Monday, 2 July 2012

Our house?

  • When I first began to investigate our COLEY ancestors, two questions demanded attention.
  • Did they have anything to do with Captain Coley's cottage in Brisbane?
  • Were they from Coleyville (south-east of Ipswich)?

The cottage which stood near the current Queensland Parliament House was reputed to be the first privately owned home in Brisbane. It was built in the late 1840s and said to be still standing early in the twentieth century.

Richard James COLEY (almost always referred to as Captain Coley, although his links to the sea are undocumented, except in his obituary) was a well-known merchant in the colony and was appointed the Sergeant-at-Arms of the first Queensland Parliament. This position has responsibility for keeping order in the Assembly and protecting the Speaker. Fortunately the role is ceremonial, because by then Captain Coley was over 60 years old and in failing health.

Any links I could find to such a prominent early citizen of Queensland would be a terrific limb for the family tree. Nevertheless, I reminded myself that manufacturing links to desirable ancestors is not acceptable practice.

Sadly, Richard James COLEY died from a gunshot by his own hand in 1864. The Coroner ruled that it was due to "temporary insanity". An examination of his financial affairs showed the Captain was close to penury and that the famous cottage was heavily mortgaged. His son, also Richard James, died in Roma in 1872, allegedly by taking strychnine.

Perhaps a connection to this COLEY group would not be well-regarded when the family gathered? However, I must press on.

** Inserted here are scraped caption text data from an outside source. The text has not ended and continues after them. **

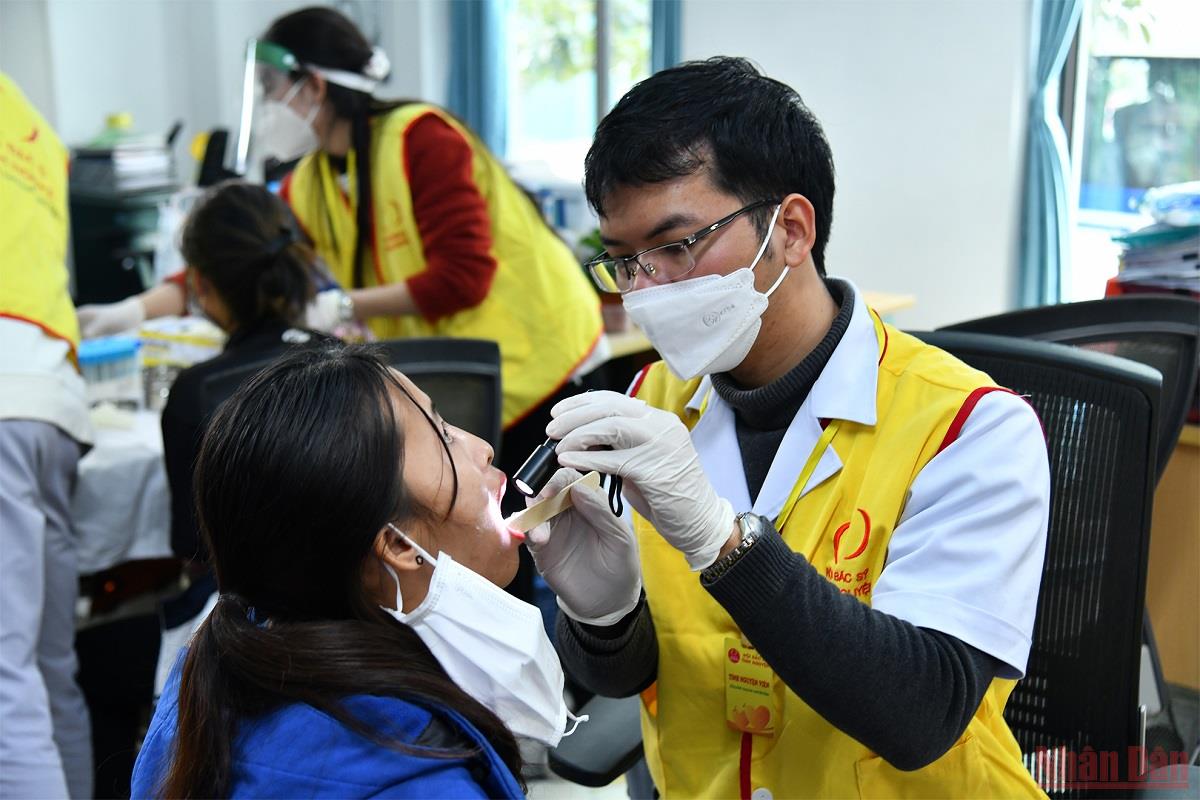 Khám bệnh, cấp thuốc miễn phí cho thanh, thiếu niên có hoàn cảnh đặc biệt khó khăn Khám bệnh, cấp thuốc miễn phí cho thanh, thiếu niên có hoàn cảnh đặc biệt khó khăn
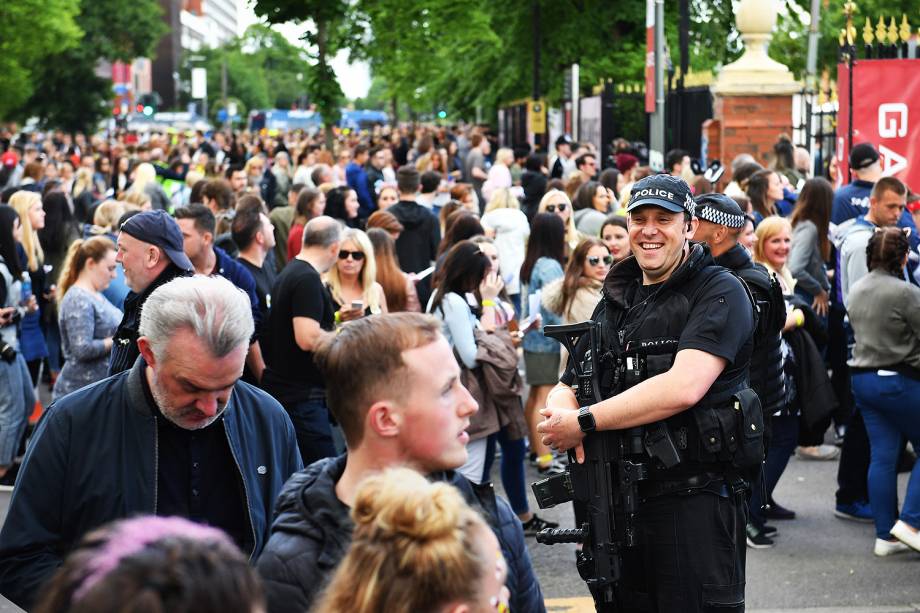 Polícia de Manchester reforça segurança em show de Ariana Grande - 04/06/2017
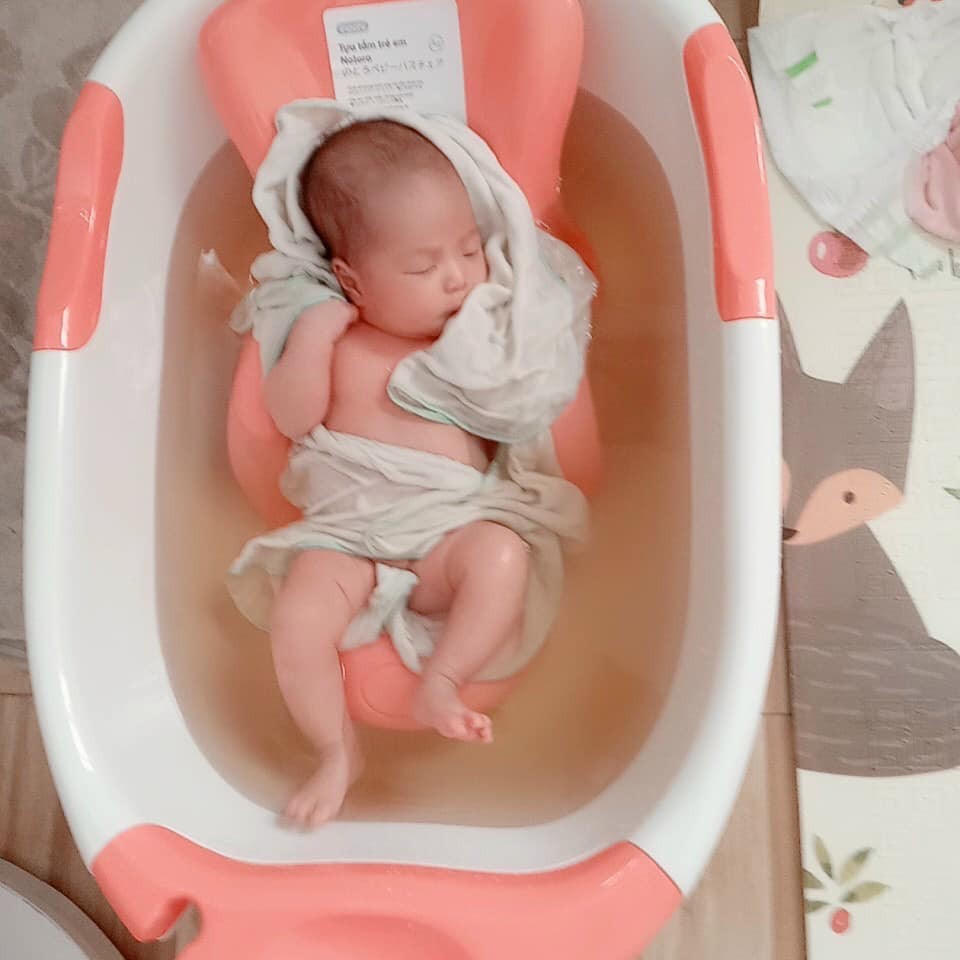 Chậu Tắm Cho bé sơ sinh loại to kèm tựa lưng nhựa cho trẻ em notoro Inochi tặng gáo thau rửa mặt gấp gọn0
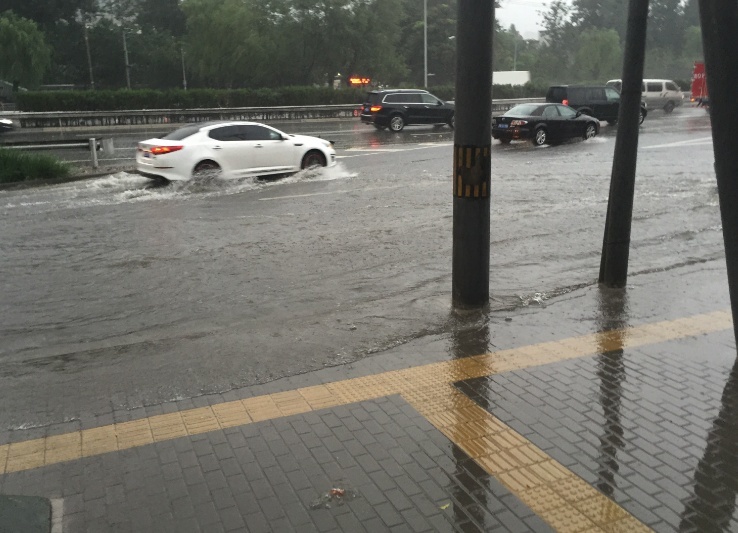通过积水路段，油车和电车哪个更容易趴窝？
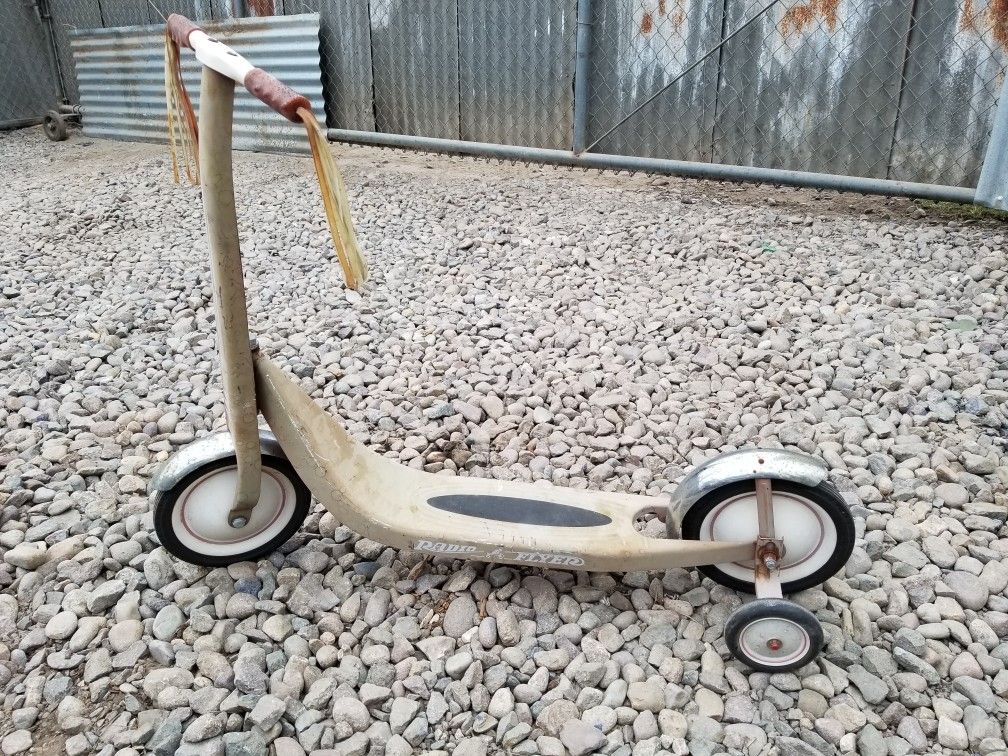 Vintage Radio Flyer Scooter - model #38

Richard COLEY had arrived in Brisbane in 1842 from van Diemen's Land (Tasmania). He had lived there since 1835 engaged in farming (and perhaps, coastal trading) with his brother-in-law after migrating from Norfolk in England. He was born in London in 1797 to Ann BLINKERN and Richard James COLEY (who had been a merchant Captain).

Since I now know that our proven COLEY ancestors were labourers who left the Black Country of the Midlands to arrive in Moreton Bay in 1866, there is no possibility of a link to the Captain and his famous cottage.

Was the time spent chasing down a negative result wasted? Certainly not, when I have learned so much about the context of the new colony into which our real ancestors moved.

And Coleyville? As always, that is a tale for another time.